GIVEN DATA
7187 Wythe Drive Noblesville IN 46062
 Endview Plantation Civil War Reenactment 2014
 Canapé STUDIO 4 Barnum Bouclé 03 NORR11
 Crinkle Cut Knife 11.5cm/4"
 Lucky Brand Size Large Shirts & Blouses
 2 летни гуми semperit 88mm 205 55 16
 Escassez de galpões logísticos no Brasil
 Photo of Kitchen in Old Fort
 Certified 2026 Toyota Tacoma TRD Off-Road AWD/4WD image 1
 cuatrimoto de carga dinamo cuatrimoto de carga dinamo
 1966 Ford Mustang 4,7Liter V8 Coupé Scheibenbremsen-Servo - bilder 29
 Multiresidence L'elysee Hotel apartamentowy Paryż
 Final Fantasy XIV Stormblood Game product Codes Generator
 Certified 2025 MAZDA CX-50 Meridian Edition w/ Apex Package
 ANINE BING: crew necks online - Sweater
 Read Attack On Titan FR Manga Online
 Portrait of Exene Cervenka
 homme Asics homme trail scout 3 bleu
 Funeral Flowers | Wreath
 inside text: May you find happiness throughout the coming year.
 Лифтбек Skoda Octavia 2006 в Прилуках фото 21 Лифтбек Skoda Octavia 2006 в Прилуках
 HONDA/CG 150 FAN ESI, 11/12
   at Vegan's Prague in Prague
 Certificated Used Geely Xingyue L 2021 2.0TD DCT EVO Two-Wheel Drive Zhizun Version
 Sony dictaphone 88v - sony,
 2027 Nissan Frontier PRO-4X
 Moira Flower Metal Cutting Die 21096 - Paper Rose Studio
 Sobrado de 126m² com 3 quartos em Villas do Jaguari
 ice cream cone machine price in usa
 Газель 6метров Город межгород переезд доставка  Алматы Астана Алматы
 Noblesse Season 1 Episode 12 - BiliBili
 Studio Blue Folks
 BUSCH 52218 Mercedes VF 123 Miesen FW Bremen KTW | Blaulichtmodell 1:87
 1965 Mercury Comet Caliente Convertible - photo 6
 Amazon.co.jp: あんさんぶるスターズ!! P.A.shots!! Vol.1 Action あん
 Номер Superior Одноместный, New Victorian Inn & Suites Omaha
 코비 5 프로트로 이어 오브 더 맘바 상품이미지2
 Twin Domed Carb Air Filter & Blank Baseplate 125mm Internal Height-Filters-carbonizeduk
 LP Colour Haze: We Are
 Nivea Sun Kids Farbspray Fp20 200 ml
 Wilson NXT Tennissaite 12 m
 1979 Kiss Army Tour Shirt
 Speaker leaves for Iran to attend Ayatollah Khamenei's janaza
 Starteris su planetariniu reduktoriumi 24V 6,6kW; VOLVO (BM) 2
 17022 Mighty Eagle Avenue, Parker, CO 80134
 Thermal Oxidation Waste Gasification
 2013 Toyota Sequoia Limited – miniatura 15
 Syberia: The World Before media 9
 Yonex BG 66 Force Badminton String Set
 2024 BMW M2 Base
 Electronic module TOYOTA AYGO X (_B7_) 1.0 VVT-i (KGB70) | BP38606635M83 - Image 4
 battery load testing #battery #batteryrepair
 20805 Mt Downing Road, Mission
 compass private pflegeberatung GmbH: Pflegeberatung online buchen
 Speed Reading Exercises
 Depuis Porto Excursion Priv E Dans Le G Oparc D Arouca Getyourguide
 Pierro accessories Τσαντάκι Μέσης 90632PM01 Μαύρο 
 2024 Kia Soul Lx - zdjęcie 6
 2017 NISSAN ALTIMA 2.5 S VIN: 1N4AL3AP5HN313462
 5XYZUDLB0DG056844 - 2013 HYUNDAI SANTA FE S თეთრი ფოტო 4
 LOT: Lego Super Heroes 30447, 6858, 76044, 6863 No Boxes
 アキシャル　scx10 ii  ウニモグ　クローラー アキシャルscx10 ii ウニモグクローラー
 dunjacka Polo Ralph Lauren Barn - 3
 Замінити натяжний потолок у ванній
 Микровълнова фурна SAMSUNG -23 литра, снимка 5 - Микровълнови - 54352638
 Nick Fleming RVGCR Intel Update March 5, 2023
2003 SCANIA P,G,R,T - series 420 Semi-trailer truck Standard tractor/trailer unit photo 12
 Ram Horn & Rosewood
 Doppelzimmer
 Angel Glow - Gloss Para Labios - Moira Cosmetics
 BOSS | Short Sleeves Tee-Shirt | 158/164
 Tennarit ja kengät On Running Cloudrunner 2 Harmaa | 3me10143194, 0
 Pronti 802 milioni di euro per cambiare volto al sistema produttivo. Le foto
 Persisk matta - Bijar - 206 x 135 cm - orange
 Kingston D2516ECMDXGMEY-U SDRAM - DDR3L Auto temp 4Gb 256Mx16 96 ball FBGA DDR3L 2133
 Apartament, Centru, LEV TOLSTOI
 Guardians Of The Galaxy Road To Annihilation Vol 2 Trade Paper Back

THE PROBLEM
Your answer should be the lines above from the one containing "Sobrado de 126m²" through the one containing "Angel Glow - Gloss", copied exactly and with both ends kept.

SOLUTION FOR THIS PROBLEM
 Sobrado de 126m² com 3 quartos em Villas do Jaguari
 ice cream cone machine price in usa
 Газель 6метров Город межгород переезд доставка  Алматы Астана Алматы
 Noblesse Season 1 Episode 12 - BiliBili
 Studio Blue Folks
 BUSCH 52218 Mercedes VF 123 Miesen FW Bremen KTW | Blaulichtmodell 1:87
 1965 Mercury Comet Caliente Convertible - photo 6
 Amazon.co.jp: あんさんぶるスターズ!! P.A.shots!! Vol.1 Action あん
 Номер Superior Одноместный, New Victorian Inn & Suites Omaha
 코비 5 프로트로 이어 오브 더 맘바 상품이미지2
 Twin Domed Carb Air Filter & Blank Baseplate 125mm Internal Height-Filters-carbonizeduk
 LP Colour Haze: We Are
 Nivea Sun Kids Farbspray Fp20 200 ml
 Wilson NXT Tennissaite 12 m
 1979 Kiss Army Tour Shirt
 Speaker leaves for Iran to attend Ayatollah Khamenei's janaza
 Starteris su planetariniu reduktoriumi 24V 6,6kW; VOLVO (BM) 2
 17022 Mighty Eagle Avenue, Parker, CO 80134
 Thermal Oxidation Waste Gasification
 2013 Toyota Sequoia Limited – miniatura 15
 Syberia: The World Before media 9
 Yonex BG 66 Force Badminton String Set
 2024 BMW M2 Base
 Electronic module TOYOTA AYGO X (_B7_) 1.0 VVT-i (KGB70) | BP38606635M83 - Image 4
 battery load testing #battery #batteryrepair
 20805 Mt Downing Road, Mission
 compass private pflegeberatung GmbH: Pflegeberatung online buchen
 Speed Reading Exercises
 Depuis Porto Excursion Priv E Dans Le G Oparc D Arouca Getyourguide
 Pierro accessories Τσαντάκι Μέσης 90632PM01 Μαύρο 
 2024 Kia Soul Lx - zdjęcie 6
 2017 NISSAN ALTIMA 2.5 S VIN: 1N4AL3AP5HN313462
 5XYZUDLB0DG056844 - 2013 HYUNDAI SANTA FE S თეთრი ფოტო 4
 LOT: Lego Super Heroes 30447, 6858, 76044, 6863 No Boxes
 アキシャル　scx10 ii  ウニモグ　クローラー アキシャルscx10 ii ウニモグクローラー
 dunjacka Polo Ralph Lauren Barn - 3
 Замінити натяжний потолок у ванній
 Микровълнова фурна SAMSUNG -23 литра, снимка 5 - Микровълнови - 54352638
 Nick Fleming RVGCR Intel Update March 5, 2023
2003 SCANIA P,G,R,T - series 420 Semi-trailer truck Standard tractor/trailer unit photo 12
 Ram Horn & Rosewood
 Doppelzimmer
 Angel Glow - Gloss Para Labios - Moira Cosmetics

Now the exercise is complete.